(Stored dataset items)
--

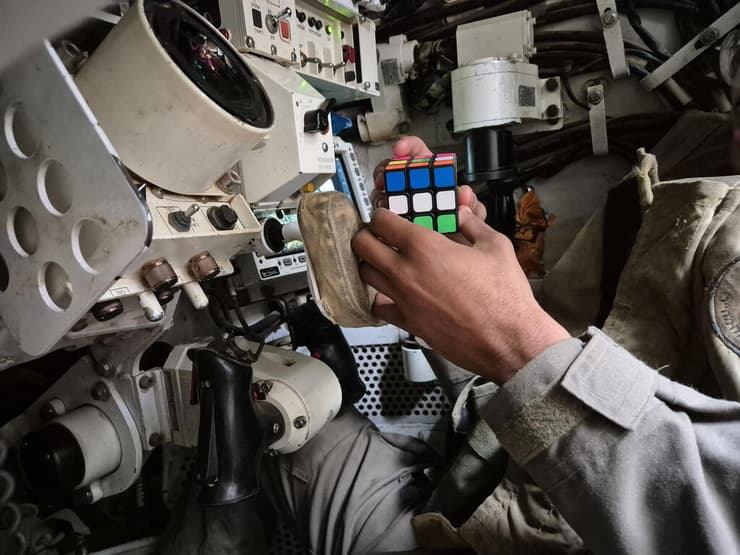 יואב קרן עם לוחמי חטיבה 188 בעזה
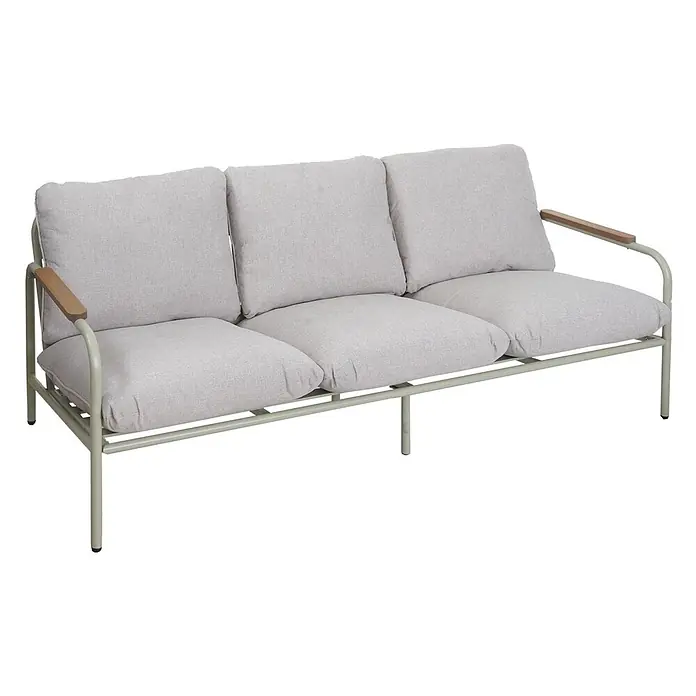 Proregal Loungesofa - Aluminium, Grün - Dreisitzer-Gartensofa mit hellgrauen Kissen, salbeigrüner Metallrahmen und Holzarmlehnen.
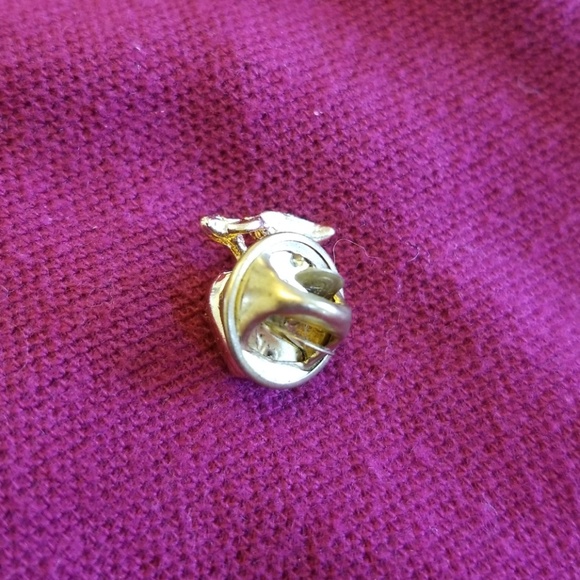 APPLE PIN 🍎🍏 - Picture 4 of 4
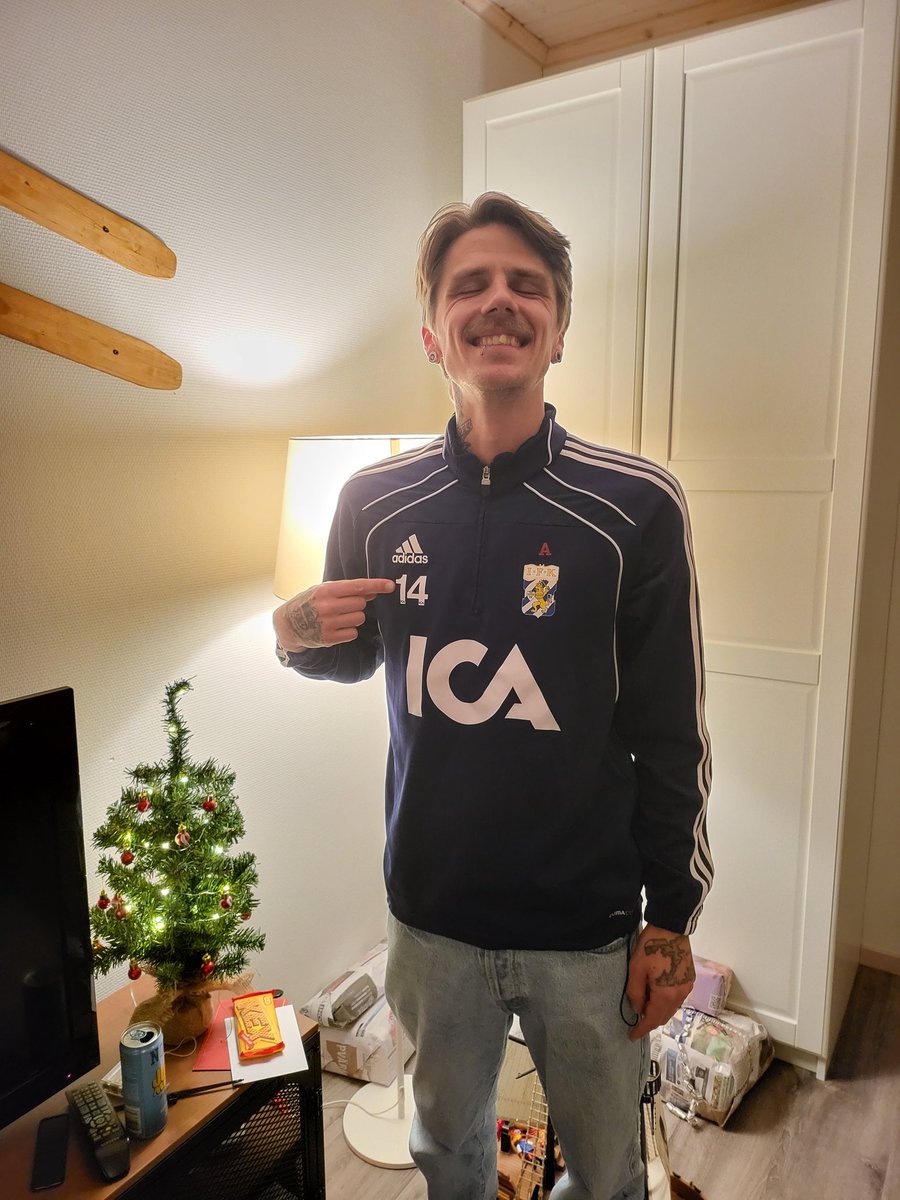 Loserkid46 🐇 tweet media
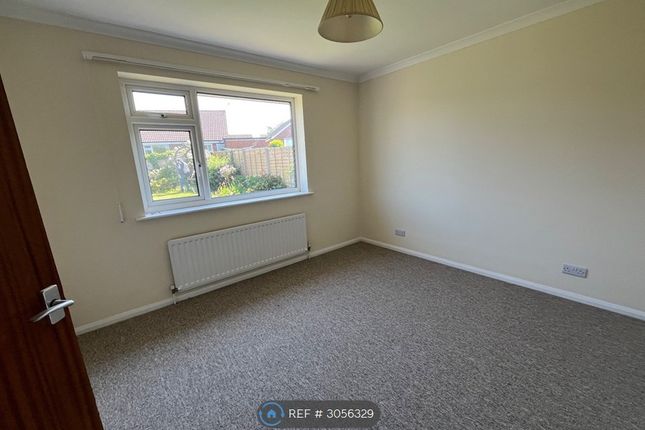 Chestnut Close, Wellington photo 5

--

Task details | What is needed is a word-for-word repeat of every line from the line with "Loserkid46 🐇 tweet media" to the end of the entries above; leave out the pictures.

Solution below |
 Loserkid46 🐇 tweet media
 Chestnut Close, Wellington photo 5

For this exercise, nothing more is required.